MINNEAPOLIS Just maybe the coach knew what he was doing.
Keith Smart believed the best position for Tyreke Evans to play was shooting guard, even though he had been the Kings' point guard since his rookie season.
Smart's vision for how Evans should play was on display in the Kings' season-opening loss at Chicago. Evans, who also has played small forward, has embraced his role as a shooting guard.
Evans had 21 points, eight rebounds, three assists and a blocked shot in the season opener.
Freed of the responsibility of running the offense full time, Evans is doing what he does best on offense attack while also showing signs of being a good defender.

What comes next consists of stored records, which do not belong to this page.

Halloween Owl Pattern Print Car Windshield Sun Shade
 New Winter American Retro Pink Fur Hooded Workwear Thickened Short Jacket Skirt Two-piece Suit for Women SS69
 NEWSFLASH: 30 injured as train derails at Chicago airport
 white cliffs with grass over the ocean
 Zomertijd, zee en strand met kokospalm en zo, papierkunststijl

"That's just what I've got to do on defense and offense," Evans said. "Me and coach already established that. So when I go in, the only thing for me is attack mode."
Figuring out how to play without the ball wasn't easy for Evans. He had always been the guy bringing the ball up the court. But his scoring instincts didn't always sit well with teammates.
Evans struggled to figure out what to do on offense last season when not bringing the ball up the court. Sometimes he stood on the wing and watched the action.
Other times, Evans figured out how and when to cut to the basket for easier scoring opportunities.
Smart said what Evans did against the Bulls is what he saw throughout training camp. Moving Evans from point guard wasn't a demotion in Smart's eyes it was the beginning of maximizing Evans' potential.
"He did exactly what we thought he could possibly do," Smart said of Evans' first game of the season. "Now we're seeing him make some outside jump shots, still having that ability to put the ball on the floor and having the ability to still create one-on-one (matchups) for himself and his teammates. And more importantly tying what he's doing offensively to what he's doing defensively."
Evans' ability to embrace change is key to the Kings' possible success and his future. After he averaged 20.1 points, 5.8 assists and 5.3 rebounds as a rookie, his figures declined in each of the past two seasons.
The Kings' postseason analysis showed Evans was at his best and most efficient when he wasn't playing point guard.
The way Evans played against the Bulls, shooting 8 of 13 with only two turnovers, is what the Kings expect.
"(Evans) attacked and got to the hole," said guard Aaron Brooks. "To score over those defenders, they're great defenders, and Joakim Noah is one of the best shot blockers in the league. (Evans) is going to be able to do that all season."
Evans will have the freedom to do more attacking with fewer duties running the team. Instead of it being his full-time job, initiating the offense is just another skill Evans has at his disposal.
Evans said he likes his role as the "two" guard and doesn't miss point guard.
"I just feel more comfortable at the two I don't know why," Evans said. "The (small forward position) and the two are kind of the same. I feel like more of a scorer at the two."
But he won't shy from setting up teammates and taking on tough defensive assignments.
"That's part of the basketball game," he said. "The position I play, I think I can do those things. To be on the court, you've got to be able to do those things."